Verteidigung kritisiert Umgang mit Klette
Die Anwälte der 66-Jährigen fordern ein faires Verfahren. "Frau Klette soll nicht besser oder schlechter gestellt werden als irgendeine andere angeklagte Person", sagte Verteidiger Lukas Theune vor Prozessbeginn.
Nach Schilderung des Anwalts erfährt Klette in der Untersuchungshaft eine gesonderte Behandlung. Auch bei den Transporten zu den Prozessterminen soll seine Mandantin nach dem Willen der Bundesanwaltschaft immer an Händen und Füßen gefesselt werden.

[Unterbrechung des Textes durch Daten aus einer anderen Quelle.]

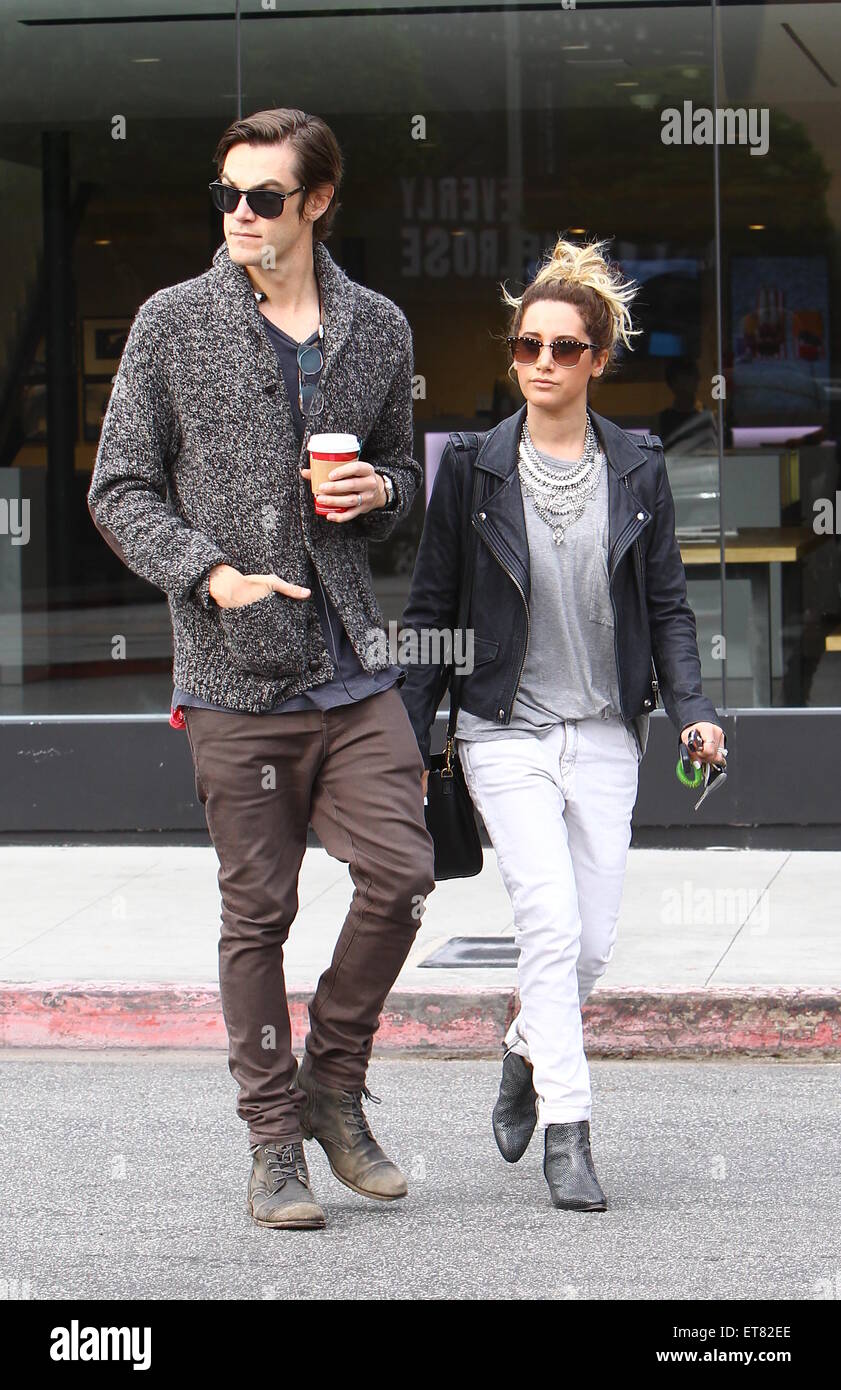 Ashley tisdale with christopher french in la new pics Ashley tisdale with christopher french in la new foto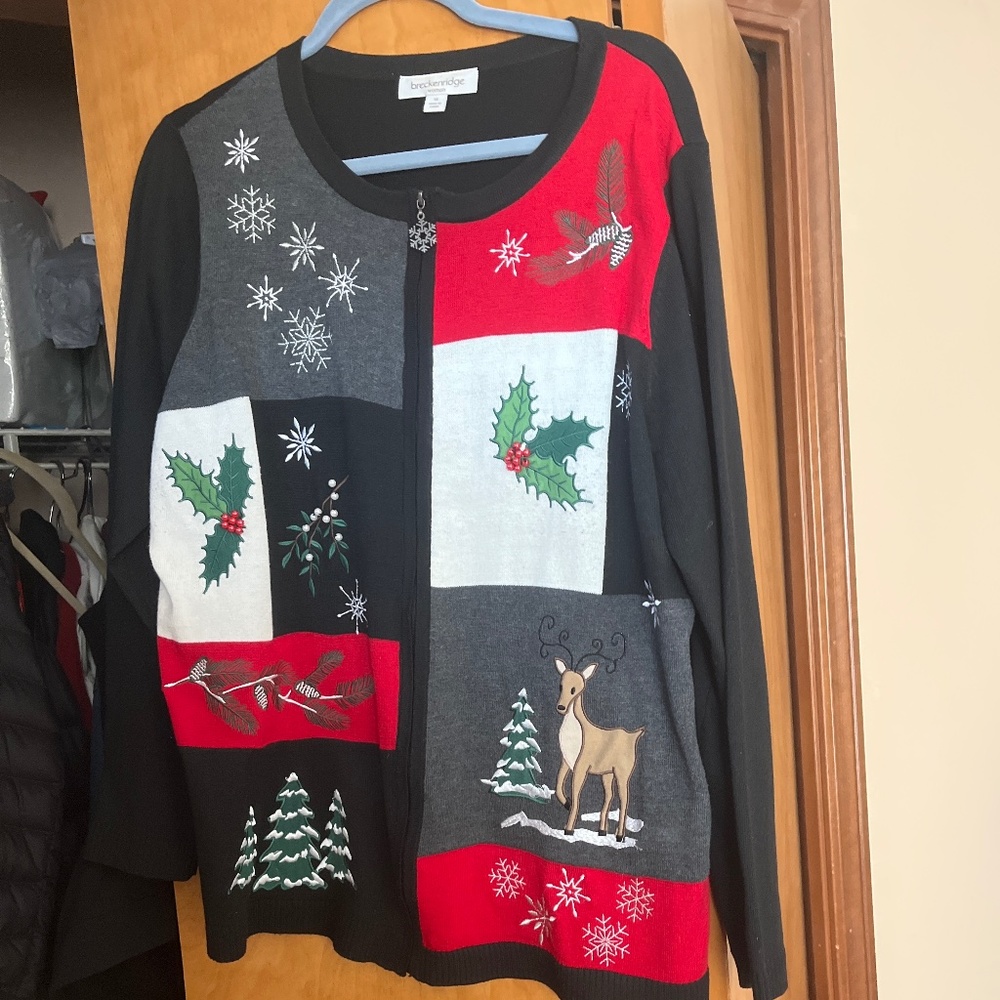 1X  winter sweater in black, red, green, grey and white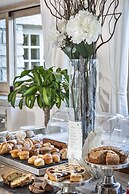 Li Finistreddi Exclusive Country Retreat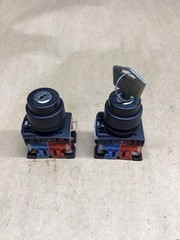 (Lot Of 2) Fuji Electric AR22JAR-2D Lock-Out Switch #4010F279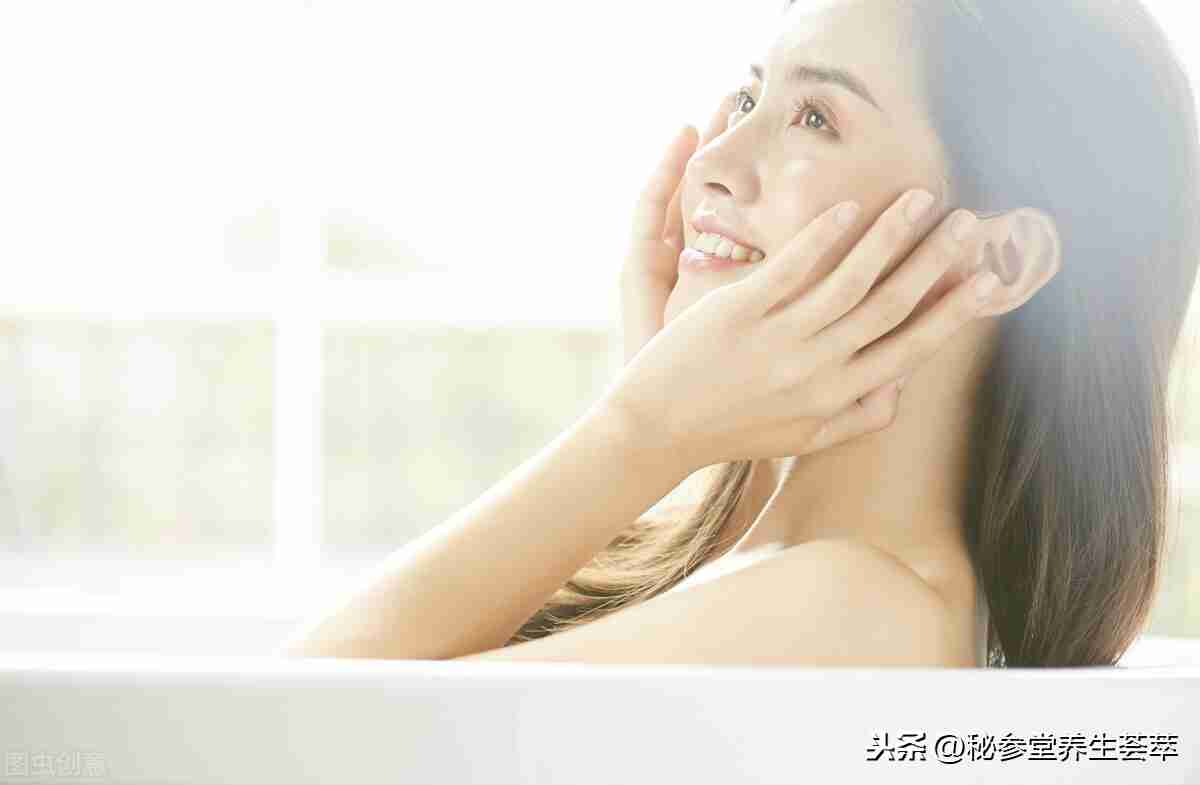 艾叶泡脚后寒气排出的表现(泡脚后湿气排出的表现)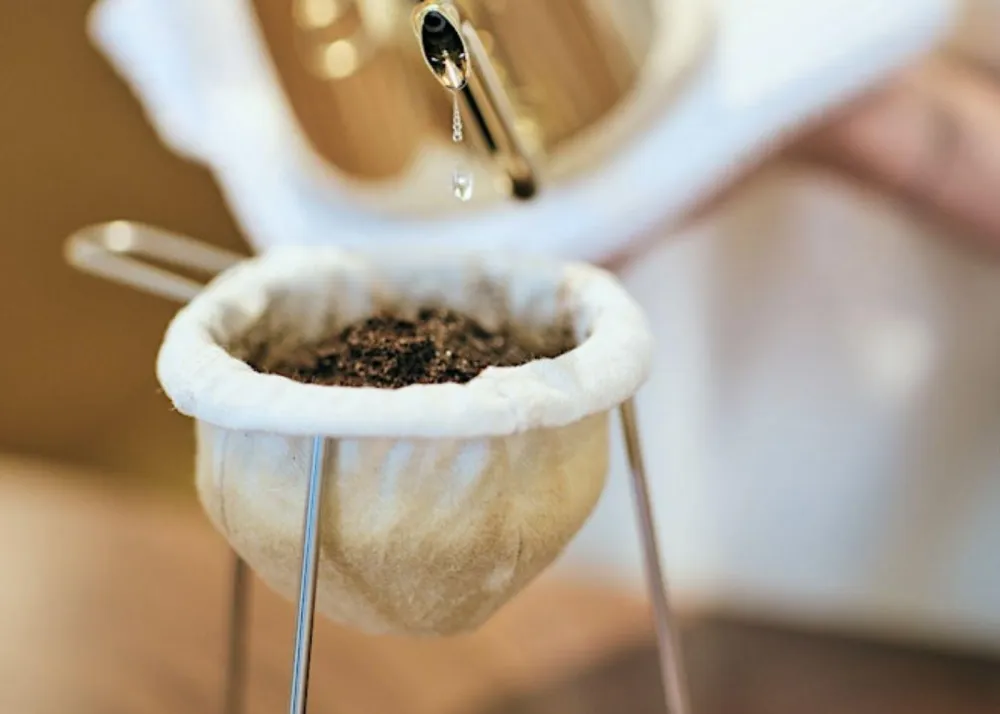 Blue Bottle Studio's Intimate Experience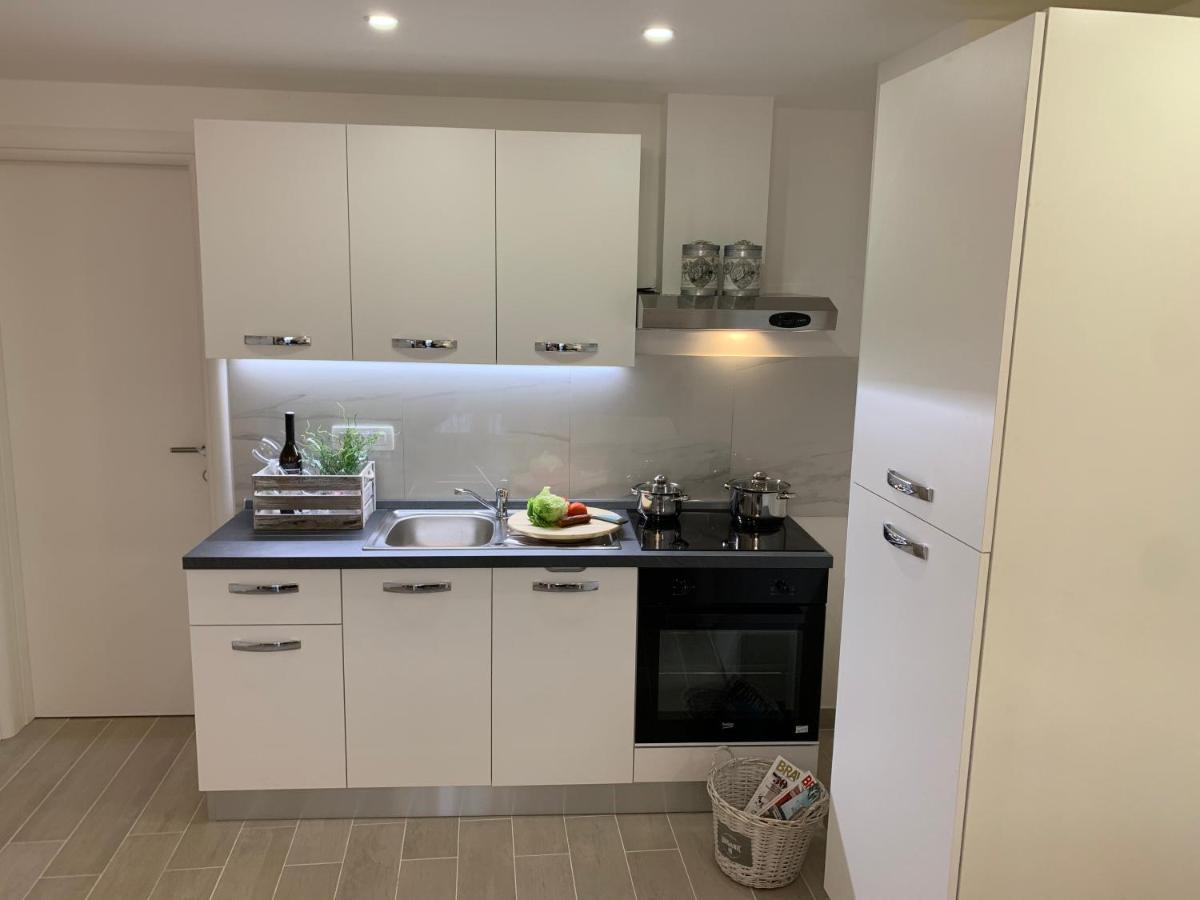 Apartman Onavi 마카르스카 외부 사진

Schwer bewaffnete Spezialeinsatzkräfte sollen sie begleiten.
Zweites Verfahren wegen Terroraktivitäten möglich
Die nun zu verhandelnden Taten haben keinen terroristischen Hintergrund, wie die Ermittler betonen. Gegen die 66-Jährige besteht aber auch Haftbefehl wegen des Verdachts der Beteiligung an Terroranschlägen. Die Bundesanwaltschaft wirft ihr versuchten Mord in zwei Fällen sowie Mittäterschaft bei Sprengstoffexplosionen bei drei Anschlägen der RAF in der Zeit von Februar 1990 bis März 1993 vor.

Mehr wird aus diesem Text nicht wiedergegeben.